El
tiempo pasa con lentitud incandescente. Una costra de silencio
envuelve al día, a la mirada con que aprehendo lo caído. O no: es un ruido como
el de la ceniza al abrirse, como el de un vientre ofreciéndose a la oscuridad,
como el de flores matemáticas y ciegas. Es un ruido incoloro como este ruido de
gaviotas que percibo tras los cristales, en lo grueso del azul, y que penetra
en mí, y recorre mis bóvedas, y me somete a su sedosa explosión. Las cosas se
afirman, desaparecen en su estricto fluir. Y el tiempo se introduce en el
rotulador y en los informes, y veo escrita una frase alelada, y la frase me
asfixia como una soga, y la encaro con paciencia, persuadido de que la
ignorancia no muda, como no muda esta luz deshojada que delimita mi soledad.
Después, la impaciencia
del viento en la ventana y los cláxones agrios y la red cansada que arrastra
tetra-briks y melancolía, infidelidades y arquitectura, debilidad y luz. He de
resolver esta ecuación, que me transmite su palidez, que despliega su noche
meticulosa.

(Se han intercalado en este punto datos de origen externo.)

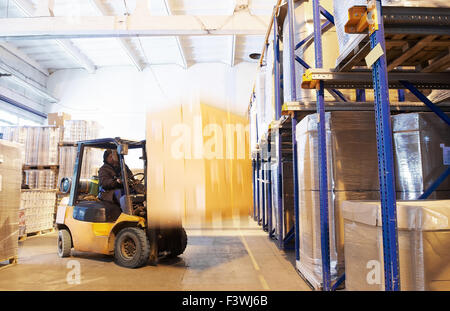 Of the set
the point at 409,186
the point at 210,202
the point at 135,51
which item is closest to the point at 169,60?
the point at 135,51

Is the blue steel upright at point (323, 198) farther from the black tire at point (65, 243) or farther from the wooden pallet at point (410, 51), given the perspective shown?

La ecuación conduce, de nuevo, al silencio, o viene de él, donde
somos fulgor sin infancia, saliva muerta. Oigo entonces otras frases, también
yertas, que lucen sus colores vacíos, que chisporrotean entre mamparas
igualmente negadas, y el estrépito se enturbia como el fuego.
El calor esmerila el
aire. El cielo, sin embargo, luce un azul frío, y lo extiende, con lengüetazos
poderosos, hasta los últimos rincones del espacio. Ahora otro cielo me
impregna. Otras palabras: turgentes, elípticas, rompiéndose. Repudio la
ecuación. Repudio el significado de esta resonancia, la inercia de los
interruptores y de los párpados. Repudio lo que me alimenta, lo que carece de
fisuras, fruto del padre descendido, de lo diurno y el error. Palabras: en el
aire desnudo de caminos, en el pábilo de la inteligencia, en la mano que
sostiene una sombra central; palabras que articulan su álgebra delicada. Vienen
algunas, no sé de dónde (o sí: del rumor con que se aparece lo ignorado): “el tiempo pasa con lentitud incandescente”,
y me sujeto a ellas como a una mariposa inflexible, mientras, en efecto, siento
al tiempo pasar con lentitud incandescente, y todas las hebras de esa única
realidad convergen en un instante de escucha y creación.
Luego llegan más, en
tropel lentísimo, como hiedra que inquiere: “Una costra de silencio envuelve al día, a la mirada con que aprehendo
lo caído”. Y digo lo que he dicho, lo que es polícromo y penetrante, lo que
nace del ciprés y de la ambulancia, lo que traspasa la piel como un aletazo
ansioso, lo que ve. Sigo diciendo: “O no:
es un ruido como el de la ceniza al abrirse”, y, sí, se abre la ceniza, se
abre otro suelo, más ardiente, bajo mis pies. Y sigo diciendo, puliendo la
espiral que acaso se perpetúe en noche, abrazando el cristal y el alquitrán.
“Como el de un vientre ofreciéndose a la oscuridad, como el de flores
matemáticas y ciegas”.
De las palabras, mías,
vuelo a otro despacho, aunque permanezca en éste. El tiempo se acelera: se
extingue. Vivo en el silencio como en una ciudad de palabras.